Summer camps in limbo amid coronavirus

FAN Editor

Indefinite school closures. No play dates. Organized sports canceled. As parents and children across the country have settled into a new normal amid the coronavirus pandemic, planning ahead to the summer is uncertain too with the fate of camps in flux.

Camp closures would be felt widely. There are more than 14,000 day and overnight camps in the United States and camps serve more than 20 million children and families annually, according to the American Camp Association (ACA), a community of camp professionals that works to ensure the quality of camp programs.

Camps also employ more than 1.5 million people, including many full-time teachers looking for supplemental income during the summer months. The industry is worth around $27.3 billion, according to the ACA.

Children who come from the country’s most vulnerable communities could be impacted the most by closures, according to Vivian Cox Fraser, president and CEO of The Urban League of Essex County, a nonprofit organization dedicated to helping disadvantaged people achieve social and economic self sufficiency, in Newark, New Jersey.

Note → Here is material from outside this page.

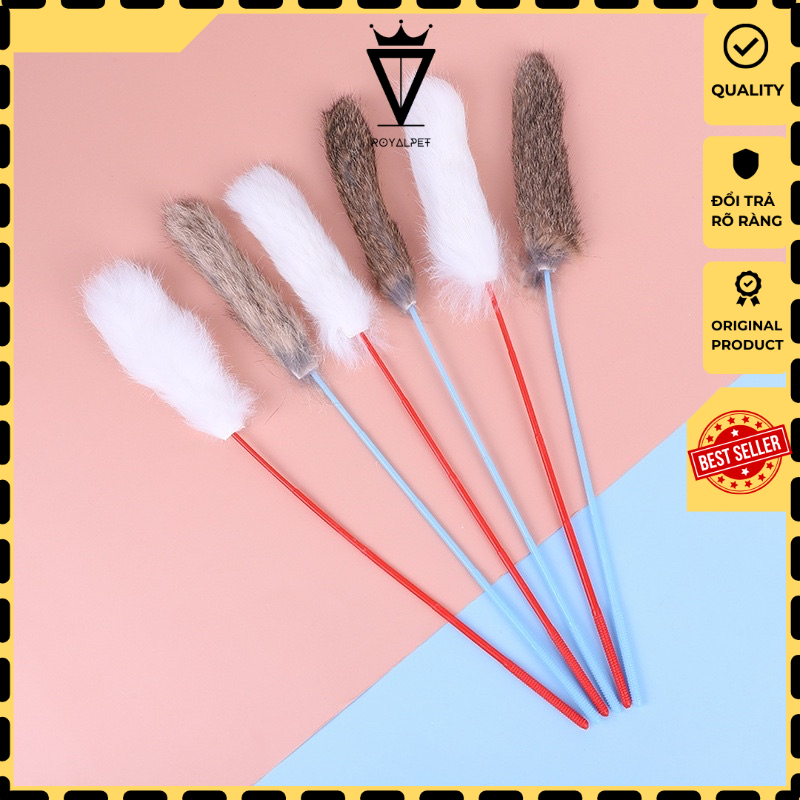 ▶️▶️QUE TRÊU MÈO LÔNG ĐUÔI CHỒN*️⃣*️⃣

“Ninety percent of our campers qualify for free and reduced meals,” Fraser told CBS News. “We already have families who are financially stretched in a good economy, so they really depend on [our] summer camps to ensure that their children are appropriately fed.”

Newark resident Chante Richardson said she has family members who rely on summer camps to put food on the table for their children. “Everyone is having a really hard time right now,” she said. 

Richardson said that usually sending her 5-year-old daughter to camp is a relief.

“It’s one less thing I have to worry about as a parent,” she said.

The ACA says 93% of accredited camps offer some form of financial assistance to over 1 million children who are from “economically deprived families or special situations that might preclude them from attending camp.” As of 2017, the organization says 44% of camps also offer specialized programs for individuals with disabilities. 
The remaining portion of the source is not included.